Do you have any suggestions, which test I should use in order check if the relative change is statistically different than 0. I am sure that I should check the relative (fold) changes.

Specifically, for each observation I have two measurements: first and second. I would like to check if $\rm \frac{measurement_{second} - measurement_{first}}{mesurement_{first}}$ is different than 0.

In this question: The result of absolute change and relative change in t test is different, it is suggested to make use of logarithm of change. How to use these logarithms? Something like that:

I transform data: $\rm \log (mesurement_{second}) - \log (mesurement_{first})$ and use paired t-test? What other tests I can use after such transformation?

Are there tests that tackle my problem directly without transformation of data?

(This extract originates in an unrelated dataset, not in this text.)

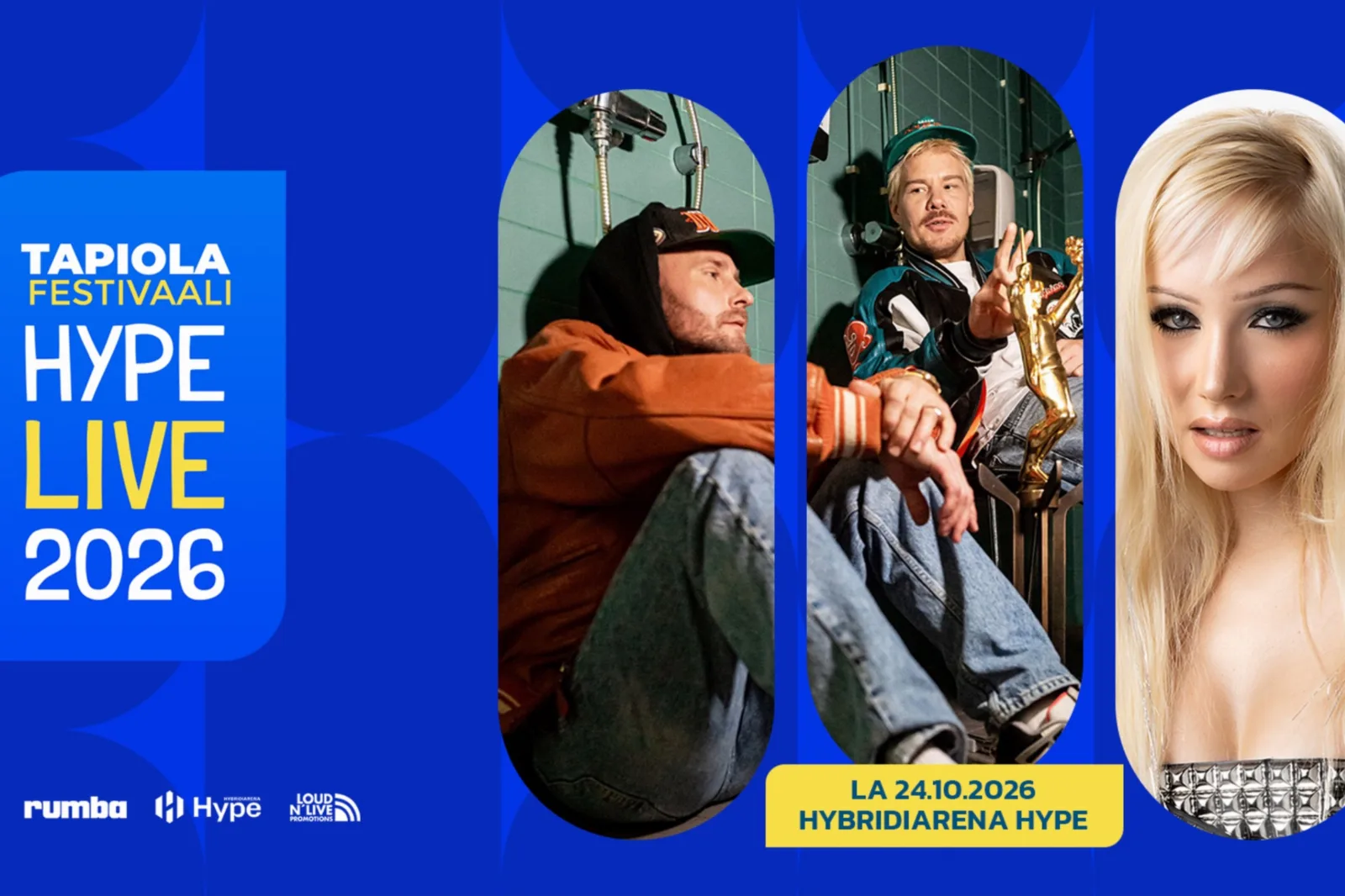 Hype Live: JVG, OLGA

• One way to understand the relationship between the log transformation of two values $x_1$ and $x_2$ and their relative error $e=\frac{x_2-x_1}{x_1}$ is to note that $\log(x_2)-\log(x_1) = \log(\frac{x_2}{x_1}) = \log(1 + e) = e + O(e)^2,$ showing that when $|e|\ll 1$ (which frequently is the case unless changes are dramatic), a difference of logs basically is the relative error. – whuber May 7 '14 at 18:23
• That is useful. However the part $O(e)^2$ makes me quite uncomfortable, because I am not sure, how would this affect the test results. So should we test $\log (x_2) - \log(x_1) = 0$ vs. $<>0$? With whatt test can I carry on? – kuba May 7 '14 at 18:43

## 1 Answer

First you should decide if you are interested in the mean of the relative changes or the relative change of the means (or substitute median or other summary for mean). We don't worry about this with the paired t-test since the difference of the means is algebraically equal to the mean of the differences. But this is not the case for relative change and other comparisons.

I would suggest doing a permutation test. Your title says "paired" so you can do a paired test:

1. compute the statistic of interest for the original data
2. within each pair randomly choose to flip the order or keep it the same
3. recompute the statistic of interest with the permuted (flipped) data
4. redo 2 and 3 a bunch of times (keeping track of all the computed stats).

The p-value is the proportion of permuted statistics that are as or more extreme than your original.

This can be done without any transformations, with mean or median, etc. Whatever makes the most sense to you.